Why: The daemon runs jobs as background tasks without an attached terminal. Interactive console prompts have no UI surface to display through.

Workaround: None currently. The escalation feature exists in the codebase (src/marianne/learning/store/escalation.py) but has no supported execution path.

Status: Blocked until the dashboard or IPC layer supports interactive prompts.


No Output Streaming

Execution is batch-oriented. stdout and stderr are captured after each sheet completes, not streamed in real time.

What this means:

  • You cannot watch AI output as it generates
  • stdout_tail in the state file is truncated to the last 500 characters (for log display) or ~10 KB (for self-healing diagnostic context)
  • Long-running sheets provide no progress indication until completion

Why: The asyncio.create_subprocess_exec backend collects output via communicate(), which buffers until process exit. Streaming would require line-by-line reads with significant complexity for timeout handling.

Relevant constants (from src/marianne/core/constants.py):

Constant Value Purpose
TRUNCATE_STDOUT_TAIL_CHARS 500 Log display truncation
HEALING_CONTEXT_TAIL_CHARS 10,000 Self-healing diagnostic context

Workaround: For long jobs, use mzt status <job> --watch to poll completion state, or tail -f workspace/marianne.log for log-level updates.

Status: Permanent for the current architecture.


Daemon Internals

Legacy Runner Still Available

The baton (src/marianne/daemon/baton/) is now the default execution engine (use_baton: true), providing event-driven per-sheet dispatch, per-instrument concurrency, timer-based retry, rate limit auto-resume, and restart recovery. The legacy monolithic runner remains available as a fallback.

What this means: Jobs run via the baton by default. Set use_baton: false in ~/.marianne/conductor.yaml to fall back to the legacy runner if needed.

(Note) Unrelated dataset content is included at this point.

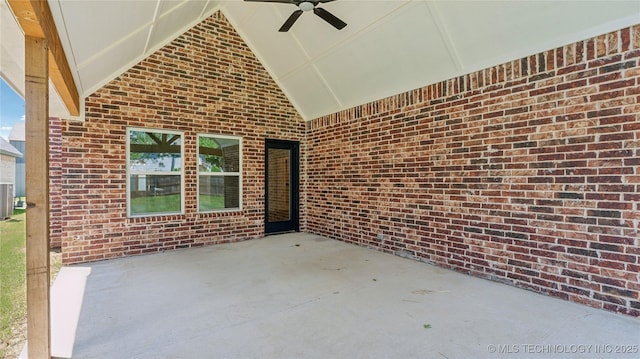 2508 W Birmingham St, Broken Arrow, OK 74011 - view of patio with a ceiling fan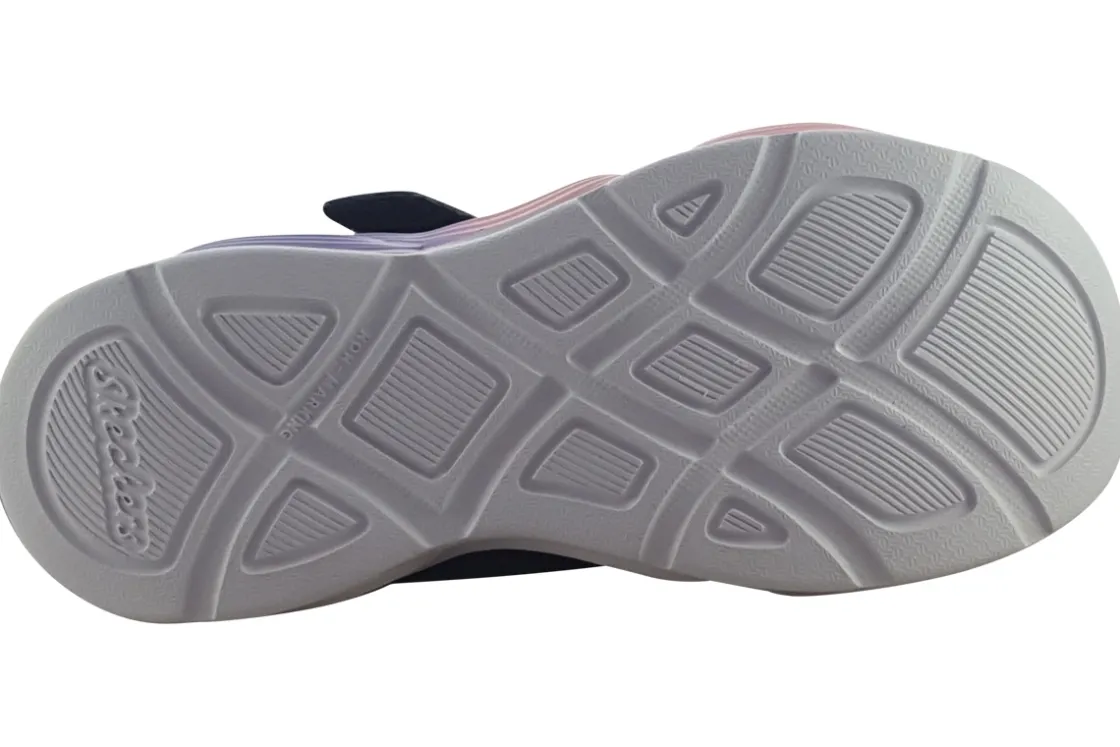 Skechers Velcro | Lights<Twisty Glow 303717L Girls Trainers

Impact of legacy fallback: The legacy runner ignores per-sheet instrument assignments — it uses a single backend regardless of per-sheet configuration. Rate limit handling is also less sophisticated.

Status: Baton is default (Phase 2 complete). Phase 3 (remove the toggle) will delete the legacy runner entirely. A three-phase transition plan is documented in the Daemon Guide.


Single-Machine Only

Marianne runs on a single machine. There is no distributed execution, remote workers, or cluster mode.

What this means:

  • The daemon binds to a local Unix socket for IPC
  • Worktree isolation creates local git worktrees
  • All concurrent jobs share the same machine's CPU, memory, and network

Why: The Unix socket IPC layer (src/marianne/daemon/ipc/) is inherently local. Distributed coordination would require a fundamentally different architecture (message queues, consensus protocols, distributed state).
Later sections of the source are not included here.